I guess I could try to rationalize and say I’m just a little tipsy, a little buzzed. But that wouldn’t be completely honest. Right now, I am drunk.

Since May of 2009, the impaired driving laws in Ontario contain a provision that includes a warning zone between 0.05 and 0.08 blood alcohol percentage. If your BAC is in this warning zone you face some serious consequences, despite not having a BAC above the more recognized legal limit of 0.08.

A first-time offender who blows in the warning range has their licence suspended for three days and must pay a $150 “Administrative Monetary Penalty.” If you’re caught in the warning range a second time within five years, the punishment increases to a seven-day licence suspension, a mandatory alcohol education program and a $150 fine. A third infraction results in a 30-day licence suspension, another mandatory alcohol treatment program, a $150 fine, and you must have a ignition interlock installed on any car that you will drive for six months. This device prevents the car from being started without blowing into a built-in blood alcohol screening device with a pre-set limit of 0.02. This is all without blowing over the “legal” limit of 0.08.

What’s most worrisome is that these roadside licence suspensions cannot be appealed and stay on your record for ten years.

A person’s blood alcohol concentration can depend on a number of factors including fatigue, how much you have eaten (and how recently you’ve eaten it), how quickly you’ve drank and of course how big you are. I’m 25, 5’8” and 175 lbs.

All of this is to say that without actually measuring your BAC with a device that is similar to the ones that the police use, it’s almost impossible to predict what your BAC is, based on how drunk you feel.

To put this to the test, I ordered a breathalyzer online. It’s certified by the United States National Highway Traffic Safety Administration so its results can be trusted to be accurate. I had a big lunch today with some friends. We’ve got pork chops and potatoes in the oven and broccoli on the stove. I crack open a beer. Muskoka Craft Lager, 4.8% alcohol.

Halfway through dinner I pop the top off my second beer. It’s only been 15 minutes since I opened the first one but I’m thirsty okay? Because I’ve been eating the taste of alcohol doesn’t seem to be overwhelming in my breath so I power up the breathalyzer. I’m not feeling buzzed or anything at this point, but I’d like to know where my BAC is.

An utterly disappointing 0.01%.

I go back to my dinner and before I know it I’ve downed beer number two, along with the rest of my meal. I clear the table, and try the breathalyzer again. I’m feeling a little bit warm, certainly more relaxed than I was when I got home. The breathalyzer powers up again. I blow 0.01% again. I’m pretty surprised so I try again. 0.02% Ha! So I try a third consecutive time: 0.01% again and the same on the fourth try.

I relent a little, and go make some coffee. I pour my coffee into a mug but not before filling it halfway with Bailey’s first. I finish two of these, have a glass of water and return to my breathalyzer.
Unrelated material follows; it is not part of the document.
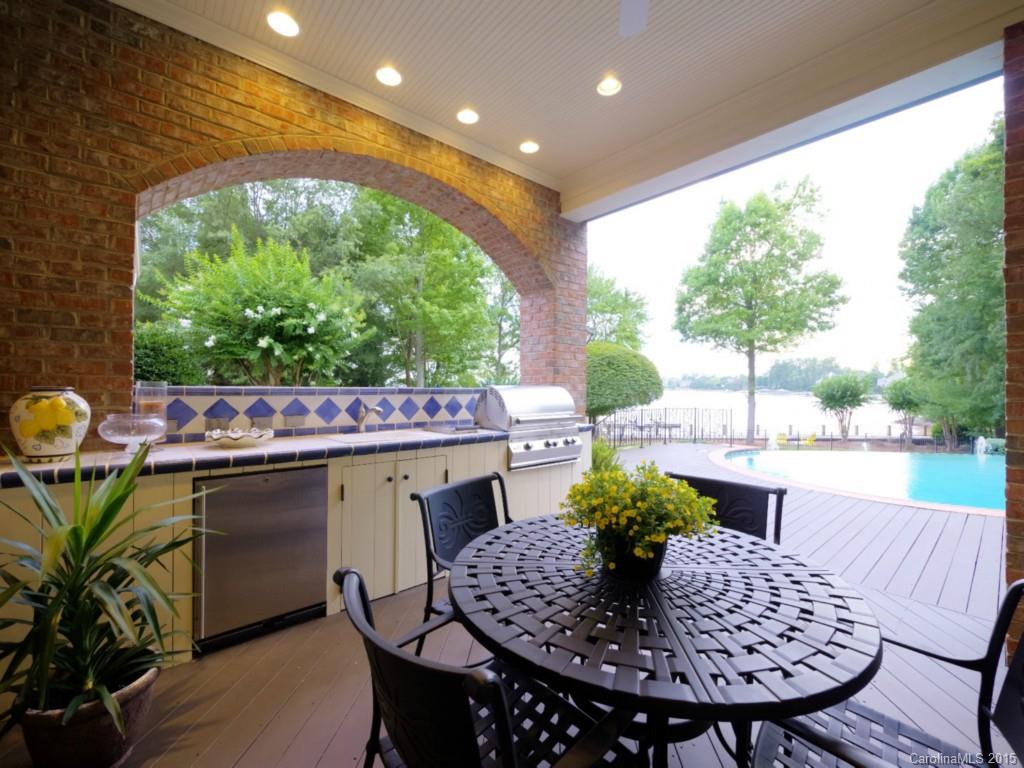 The Peninsula - Residential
I’m feeling a serious buzz now. Two beers and about 8oz of Bailey’s in just under an hour is more than I’m used to drinking on a weeknight. I’m pretty lightheaded and I’m pretty sure I can hear my heartbeat.

As the breathalyzer powers up, I start guessing what my BAC will be. I figure somewhere between 0.05 and 0.08, right in that warning zone. I think about whether or not I would consider driving at this point, and I have no doubt about it. No way. Maybe in a couple of hours, but not now. After what feels like an eternity the breathalyzer is ready.

I blow into it four times in a row and get the same reading: 0.04% BAC. I can’t believe it. If all drivers were at this level of sobriety I think there would be as many cars in the ditch as on the road.